While clean water has always been an issue in developing nations, the fact that major cities and prosperous states are struggling to secure their water supplies illustrates the magnitude of the world’s water infrastructure problem.
Tracing water issues to their source
For decades, experts have warned about the growing risk of water shortages even as scientists and engineers developed new solutions that connect water-rich with water-scarce regions, and that improve water-usage efficiency.
Urbanisation and population growth, the rising water intensity of industrial processes, high-output farming practices and consumer lifestyle changes are all stressing the water system. While these may be slow-moving individual factors, they have combined into a powerful overall trend – one that could result in severe disruptions to farming, industry and everyday life if left unaddressed.
So what is impeding investment? One issue is that fixing the world’s water infrastructure is a costly long-term commitment, yet most parts of the water network are invisible to the average citizen. As long as water comes out of the tap, people are less inclined to worry about the hidden parts of the water cycle.
Politicians are also afraid to push for taxes or levies that could finance the construction or repair of waste-water treatment plants, or the implementation of new sewage-filtration technologies. As a result, upgrades to the water system can be all too easily pushed down the road.
Yet while this overall lack of investment is problematic, it makes water an under-appreciated and under-addressed theme that can be attractive for investors who know how to approach it.
How to invest in water
Investing in water is different from investing in other commodities, as water itself is not a tradeable asset.
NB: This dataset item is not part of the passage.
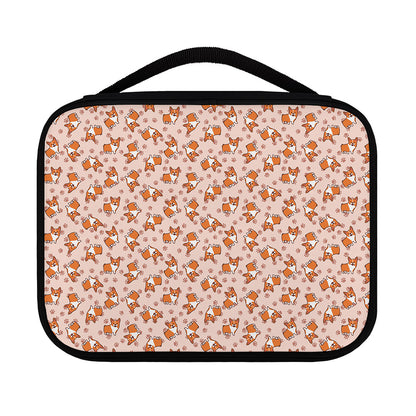 Pembroke Welsh Corgi Pattern Print Classic Bible Case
While rainfall is “free”, clean water out of the tap is a commodity with high social value, and one that is extremely sensitive to environmental factors.
As a result, major investments along the entire water supply chain are needed to provide cities and farming regions with clean water – and this is where the value for investors can be generated. Collection wells, pumping stations, filtration solutions and the treatment of sewage are all critical parts of the complex system of fresh and waste water. Also critical are technologies that reduce water loss and further improve its quality in the delivery chain.
Companies that offer these solutions stand to benefit from the growing need to improve the world’s water infrastructure, and they will likely enjoy ongoing social and political support for their products and services.
A good way to approach water investing is with a concentrated, high-conviction portfolio of stocks of companies with the highest exposure to the most stable areas of the water industry. Integrating environmental, social and governance (ESG) factors into the investment process can also add the improved performance potential associated with socially responsible investing. In addition, actively picking stocks of water-related companies could also help reduce cyclicality and volatility.
The future of water investing
Only a few countries have achieved the level of sophistication where water is routinely safe to drink, or can be safely and easily released back into the environment. Yet securing a steady supply of clean water is a goal shared by every nation around the world, making water an investment theme worth pursuing.
Adding to the solid outlook for water investing is the fact that the societal need for water tends to provide protection from political uncertainty, and it can strengthen the regulatory support needed for continued investment.
Water-related investments are also less dependent than others on the broader economic cycle. Consolidated markets and the technological leadership shown by major water-market players allow for stronger pricing power and the potential for more stable profits.
Given this combination of drivers – including a supply/demand imbalance and protection against wider political and economic volatility – water can be a defensive investment theme with prospects for high growth. That could make water an even more attractive option for investors under today’s uncertain market conditions.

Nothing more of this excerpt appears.